If you don’t know your company’s brand purpose, it’s incredibly challenging to develop and distribute content that works for the brand and makes sense to customers. Two weeks ago I wrote about Apple’s brand purpose and how their recommitment to it in 1997 turned around the company.
Do you know what your company’s brand purpose is? Let me know if you do…I’d love to hear it.
In my 20 years in content marketing I’ve learned that most programs do not get cut for lack of results, but because the executives with the purse strings don’t understand it. I think this is true with so many businesses where odd departments may not be understood for their stand-alone value.
Instead of complaining, start educating those executives about what you do. The importance and impact of it for your customers. Send something every two or three weeks (preferably in print form). If your job gets cut, it’s probably because someone wasn’t selling what you do very well inside the company walls.
When I was at Penton Custom Media in 2003, my new boss didn’t have a clue about what our department did. I walked out of the initial meeting knowing for sure we were going to get cut (the company was struggling financially at that time). For the next 18 months I sent monthly packages to him, the CEO and a few others, about the purpose and power of content marketing, including some of our revenue-generating products. Believe it or not, 16 years later and the department is still alive and kicking.
Buy Before You Build
As an entrepreneur, I’m very aware of the failure rate of new businesses. About 9 in 10 fail. Yet, in marketing, we always start new projects (like a startup). And guess what? Most of them fail. Go figure.
What if, instead of starting fresh, we went out and purchased the marketing project from another company (like computer hardware company Raspberry Pi buying two computer magazines) instead of starting fresh? It’s just plain silly that marketers don’t at least try to buy before they spend thousands or millions of dollars on a new campaign.
The End of Social Media as We Know It
I recently learned about what happened to Cyprus in 2013 while reading the book Bitcoin Billionaires (recommended). Cyprus was broke and the government needed money. To get that money, the government raided the savings accounts of anyone who had an account with Cyprus banks (they stole almost 50% of everyone’s savings).
After reading this, it hit me that we will see something similar in social media in the very near future. Right now, companies like Facebook, YouTube, LinkedIn and Twitter need us for our content. In exchange for the right to publish our content, they store all sorts of data about us and monetize it in multiple forms. Outside of letting outside governments tamper with election processes around the world, it’s worked out pretty well.

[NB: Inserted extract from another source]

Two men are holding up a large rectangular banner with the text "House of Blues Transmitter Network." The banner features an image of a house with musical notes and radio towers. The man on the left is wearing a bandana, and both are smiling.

But inside the next five years I believe that most social platforms will either remove our right to publish or bake in an algorithm where nobody will see our content. It will happen in stages.
First, the organic reach of your posts will gradually go down. We are in that phase now, where a brand’s post on Facebook barely gets seen by anyone. At the same time, certain sites will suspend people from the platform they don’t like (for whatever reason). For the second stage, which has started on a small basis, big social platforms will start heavily investing in their own content, beginning the content replacement process.
The next stage I haven’t worked out yet, but it revolves around scary influence, mind control and something out of the book 1984. Yet, I’m an optimist ;).
These are just some of the things that I’ve been thinking about lately. I have four more thoughts like these that I’ll be sharing in my keynote.